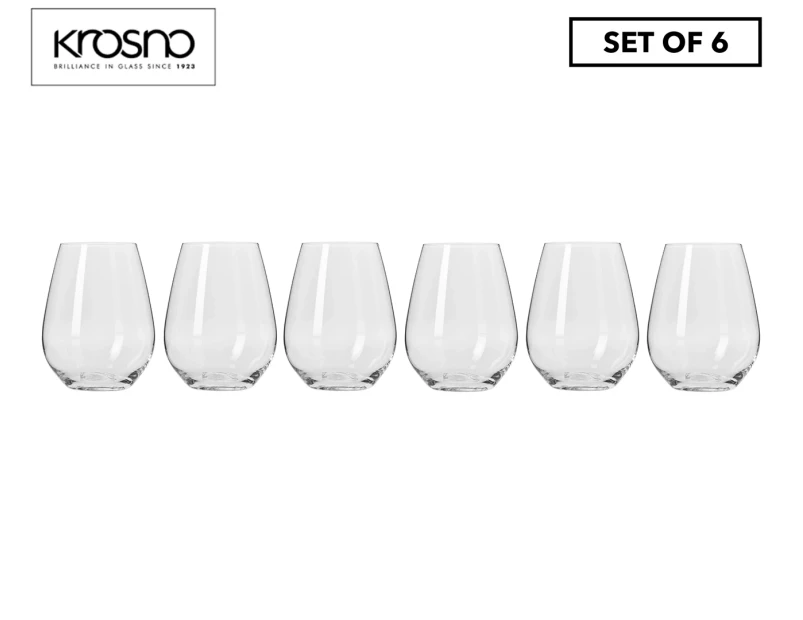 Set of 6 Krosno 400mL Harmony Stemless Wine Glasses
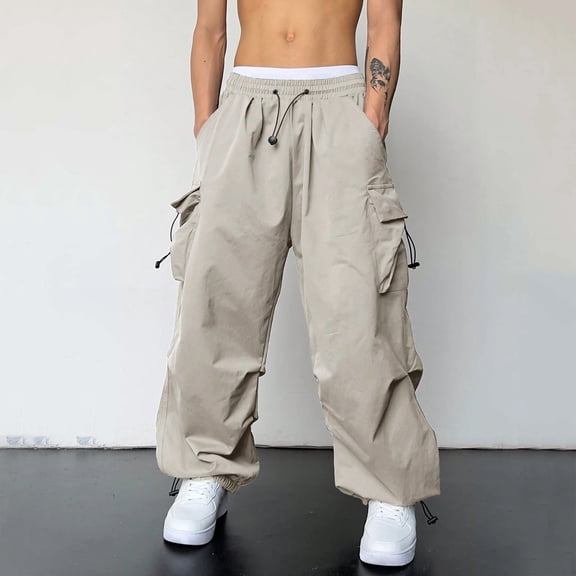 Men's Baggy Cargo Pants Trendy Casual Parachute Pant Loose Fit Harem Joggers with Pockets for Streetwear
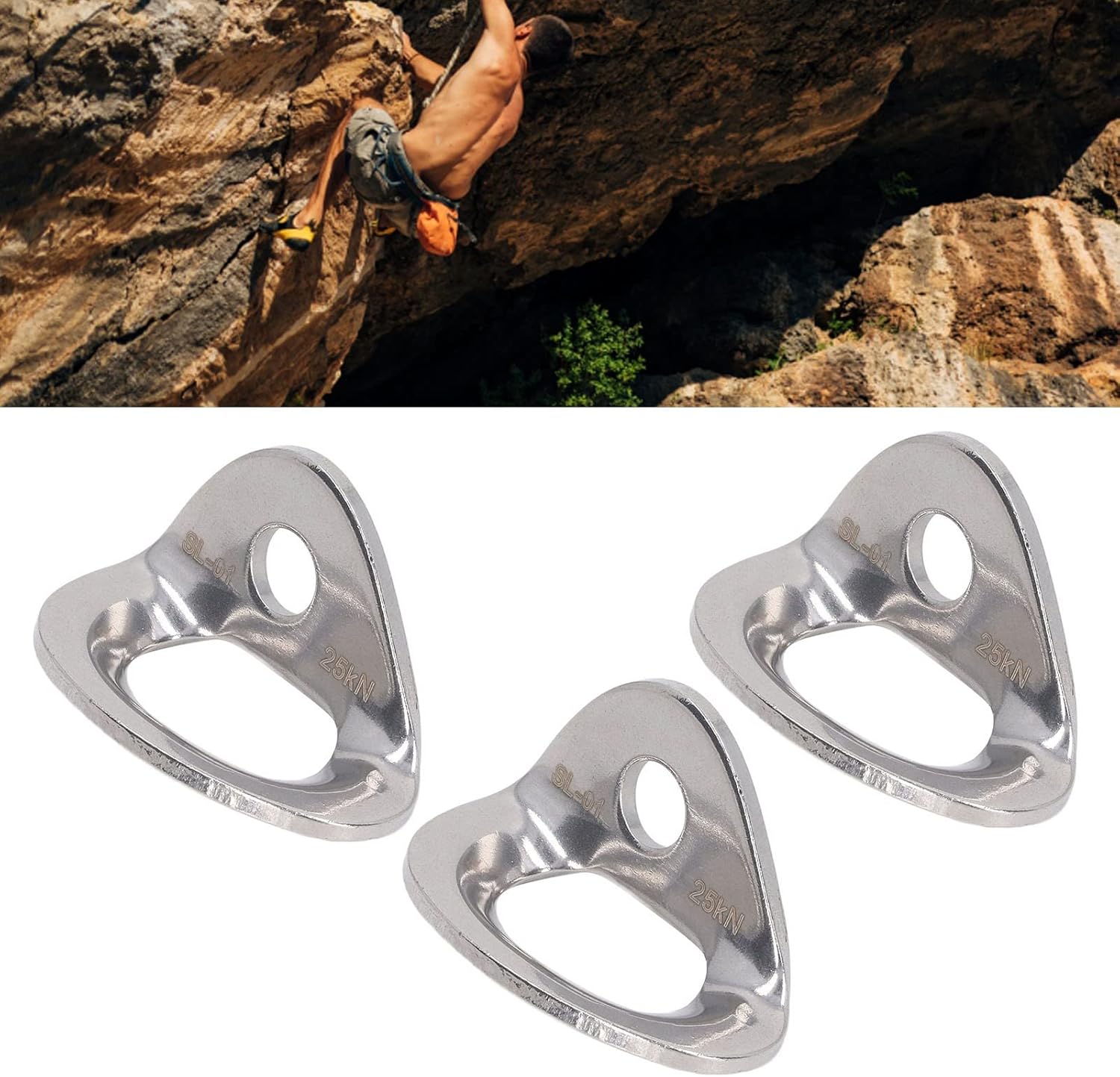 10Pcs Stainless Steel Climbing Hanger for Rock Climbing, Cave Exploration, Engineering Protection, Lightweight Climbing Bolts Hangers, Portable and Easy to Install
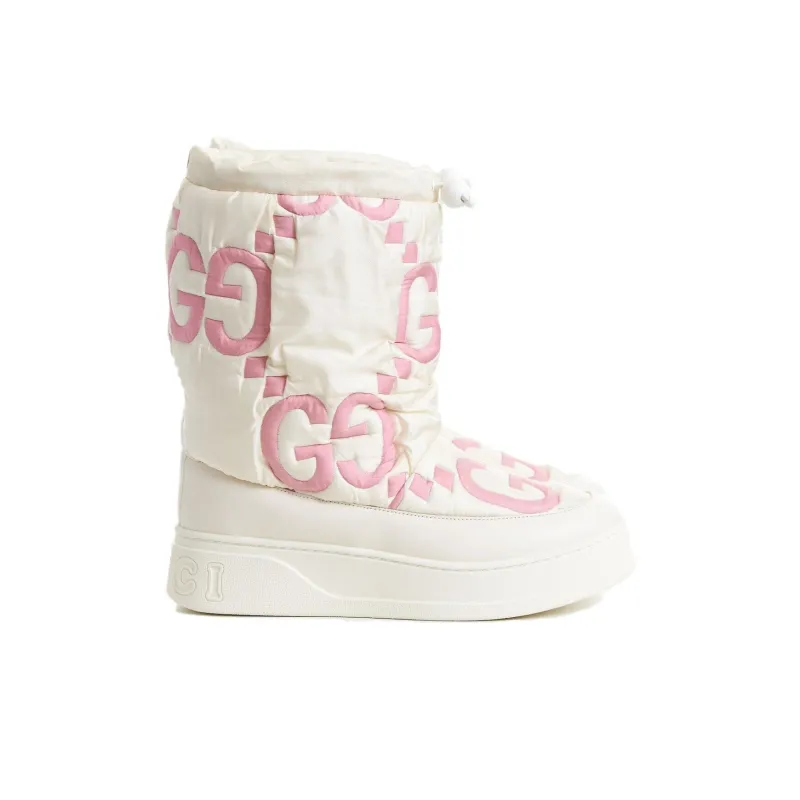 GUCCI Women's Maxi Gg Boot 'White Pink Matelassé' Women's-1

## Required action
Omit the pictures, then print the rest of the listing above exactly.

## Written solution
 Set of 6 Krosno 400mL Harmony Stemless Wine Glasses
 Men's Baggy Cargo Pants Trendy Casual Parachute Pant Loose Fit Harem Joggers with Pockets for Streetwear
 10Pcs Stainless Steel Climbing Hanger for Rock Climbing, Cave Exploration, Engineering Protection, Lightweight Climbing Bolts Hangers, Portable and Easy to Install
 GUCCI Women's Maxi Gg Boot 'White Pink Matelassé' Women's-1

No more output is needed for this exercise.